Here are the steps to take…

Step 1 – Treating Shock

The first thing to do if you or someone else has injured their ankle or had any kind of accident for that matter, is to get them to a safe place where they can sit down. This will first of all ensure that they don’t further injure themselves, and at the same time it will give them the opportunity to try and recover from the shock.

Shock can be a very serious problem when you twist or injure yourself and can leave you liable to throw up, to pass out or to fall over again. To treat it, make sure you go and sit down somewhere with your head between your legs in the fresh air. Have a warm cup of tea with extra sugar and this will replace some of the sugar you’ll have lost through sweating.

Step 2 – Rest and Ice

Next you have to rest and ice your ankle. If you’re someone who is naturally very active, then you might find that resting up like this doesn’t come naturally to you and that you have to fight the urge to ‘push through’ the pain and remain active. This is a big mistake however, as the more you push yourself now, the longer you will take to heal and that will mean you have to take more time out in the long run.
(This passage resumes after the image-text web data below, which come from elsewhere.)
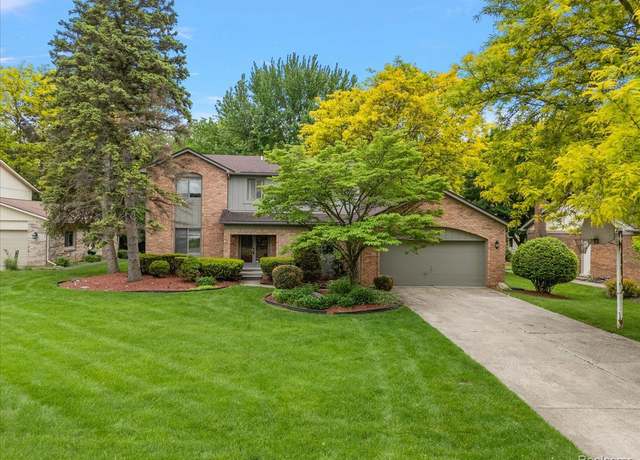Property at 6153 Kiev St, West Bloomfield, MI 48324, 4 beds, 2.5 baths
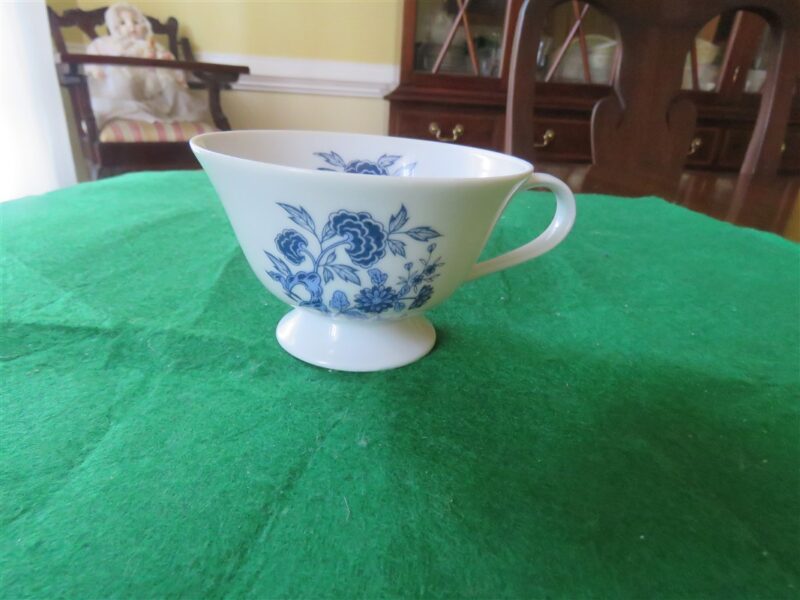 Footed Tea Cup & Saucer Lennold Fine China Blue Meissen 1478 a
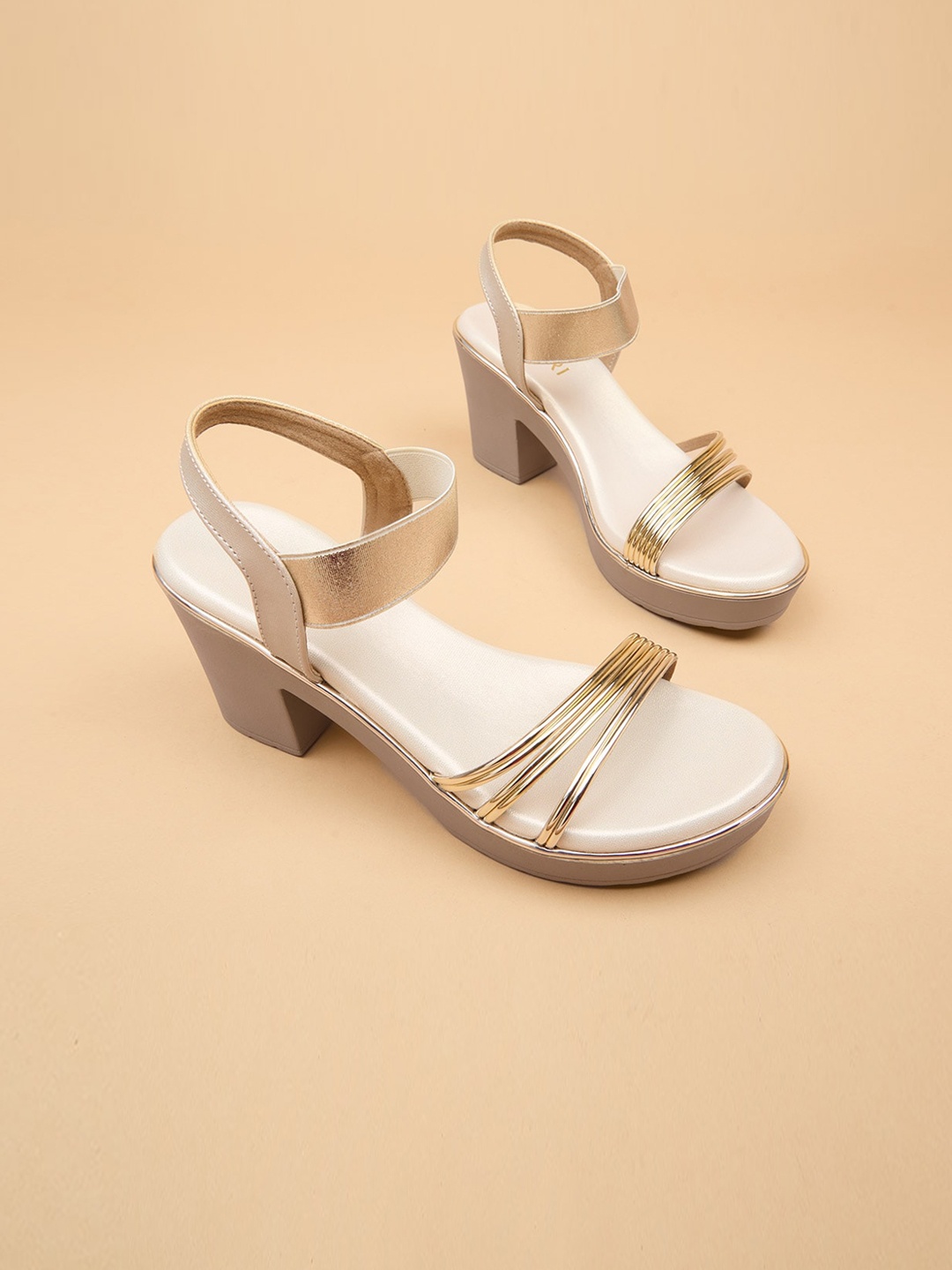 

Ozuri Synthetic Block Heel Sandals, Gold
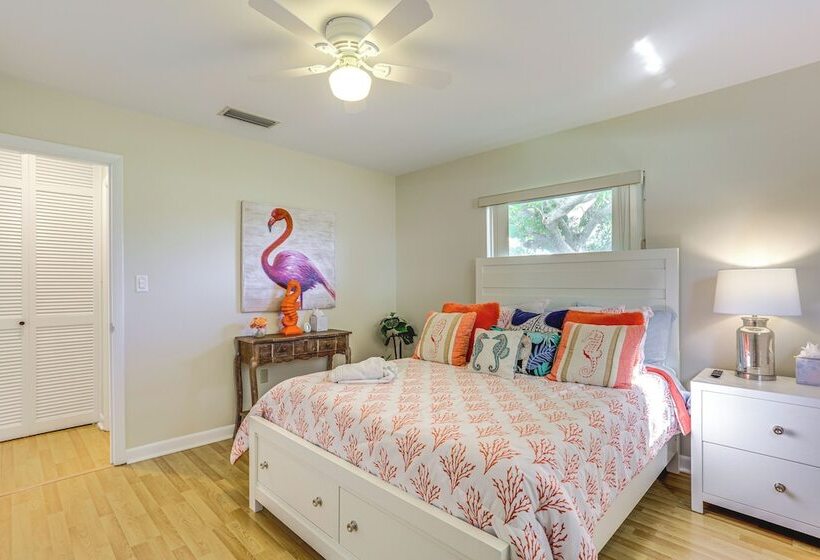 Fort Pierce Home W/ Grill: Half Mi Walk To Beach!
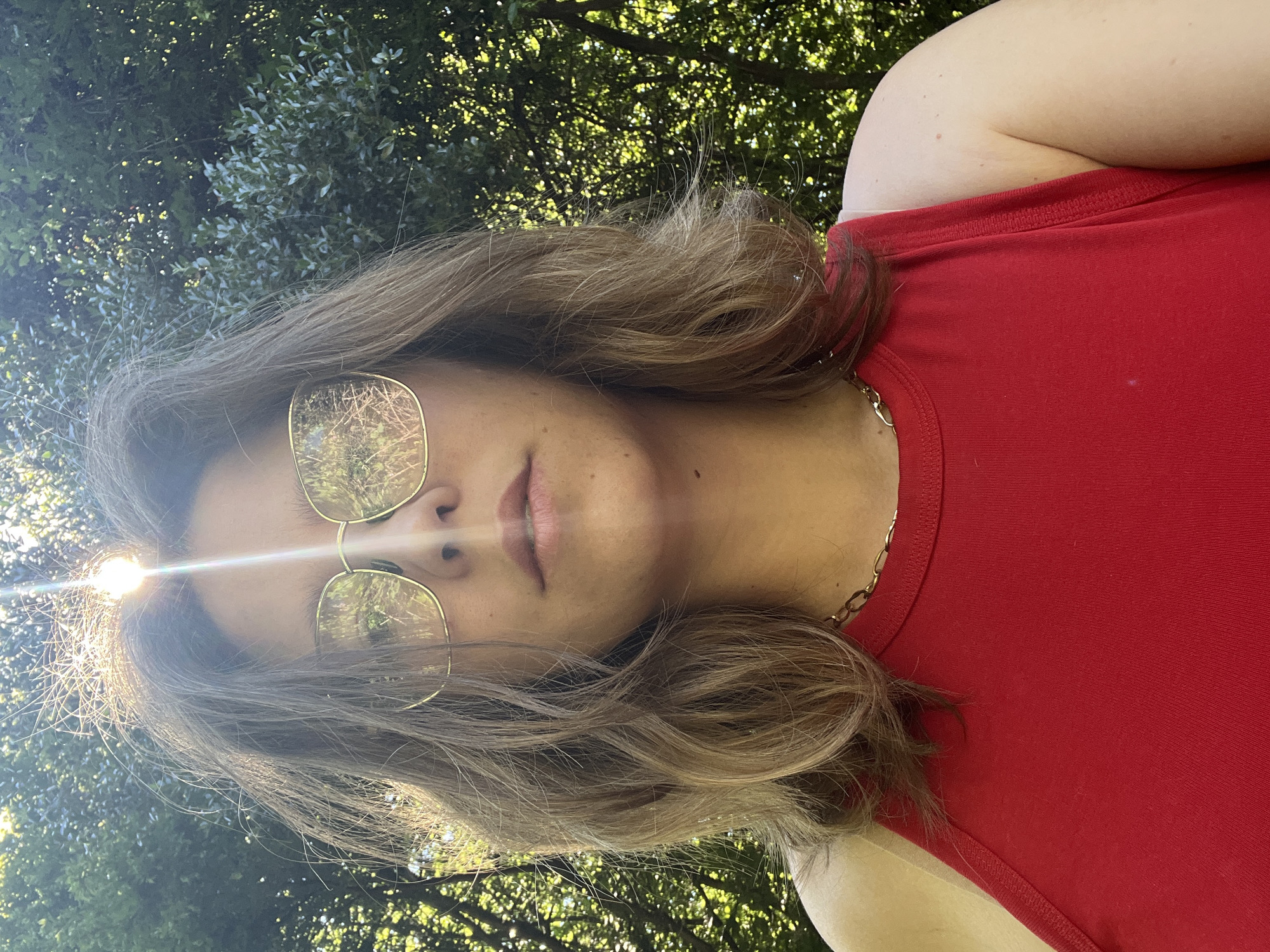 Woman spotted in sunlit area of Podgorica wearing reflective sunglasses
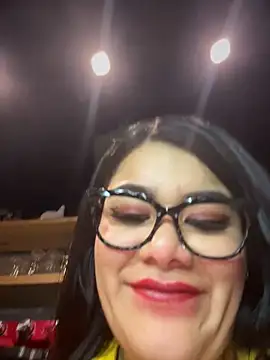 Insane Issa online show from February 2, 9:34 pm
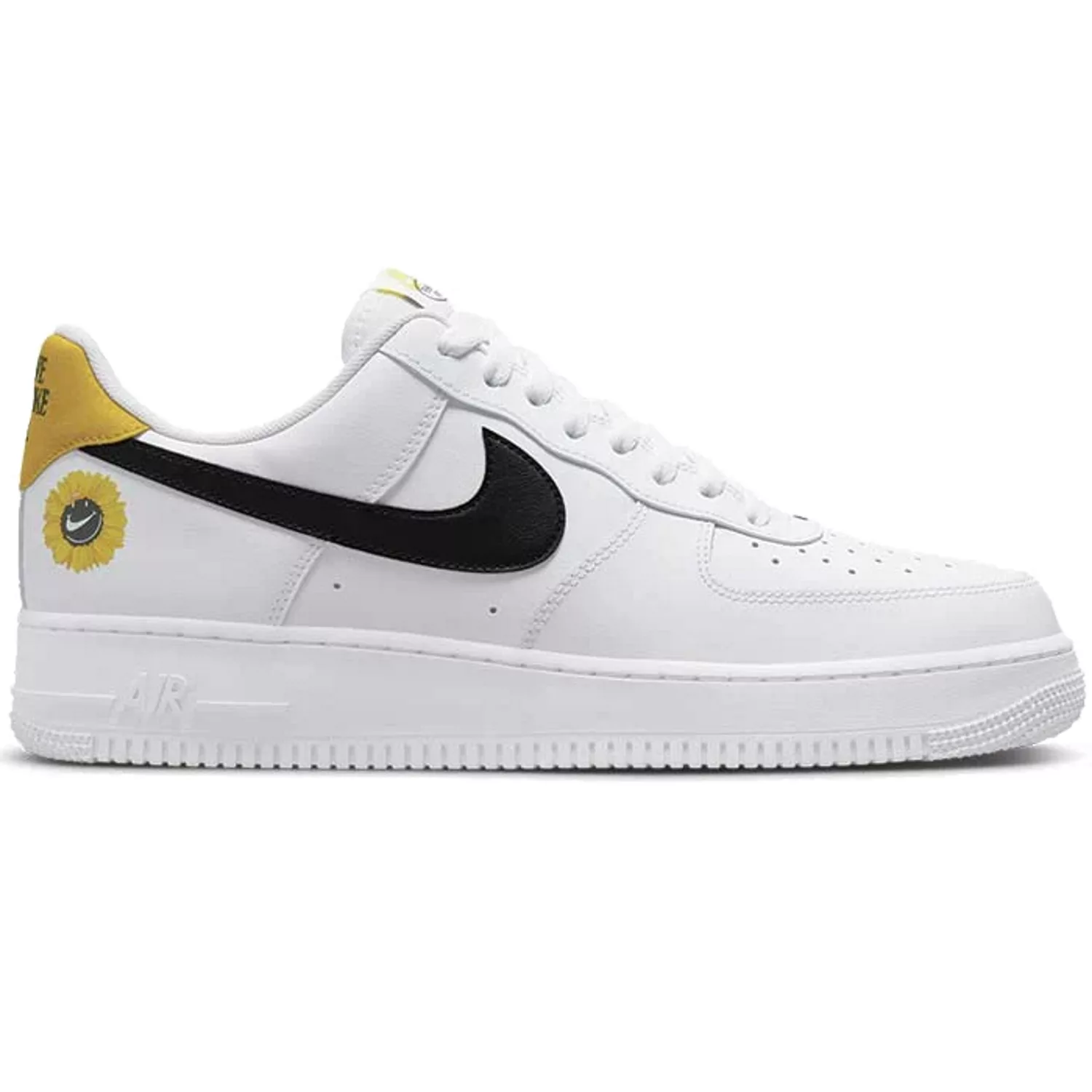 

Кроссовки мужские Nike AIR FORCE 1 '07 LV8 белые 39 EU, AIR FORCE 1 '07 LV8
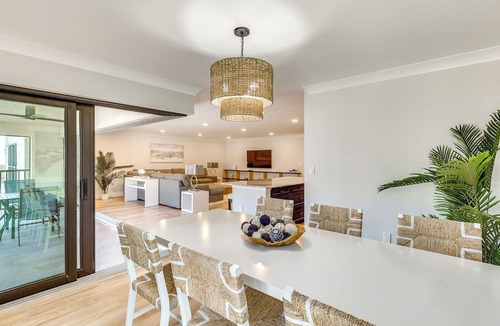 Sanibel Condo | Luxury Sanibel Condo w/Ocean View: Steps to Beach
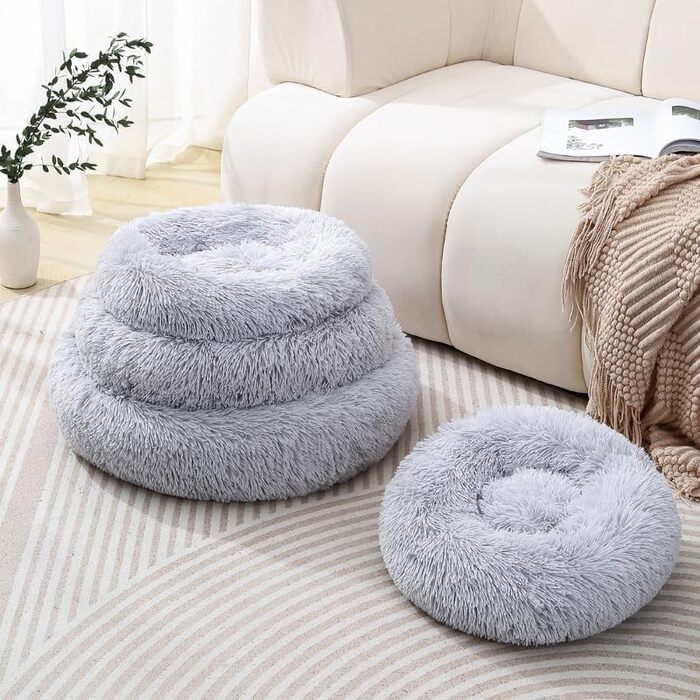 Кругла м'яка лежанка-донатик для собак та котів середнього розміру. Лежанка для тварин з плюшу, тепла та зручна. Підходить для собак та котів до 8 кг (38x38x14 см)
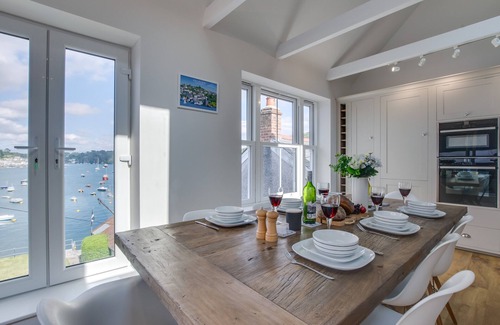 Polruan Apartment | Seacroft - Four Bedroom Apartment, Sleeps 8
While resting your foot you should also try to keep some ice on it for a few minutes at a time (not directly touching the skin), to keep it elevated, and to try using a compression sock or bandage. All these measures will help to reduce the swelling which will help to quicken your recovery time. When sleeping, try keeping your feet up on a pile of cushions in bed so that your foot is constantly draining. Eating well and getting lots of sleep is also important now.

Step 3 – Exercise

If your foot isn’t getting any better then you should see a physical therapy profession. They will help to massage your foot and show you exercises that you can use to reduce swelling more quickly.

On top of this though, you can also try using additional exercises of your own if you don’t think you need a therapist. Simply rotating your foot on the ball joint and practicing gentle lunges can help you to regain your strength and range of motion – but take it easy to begin with!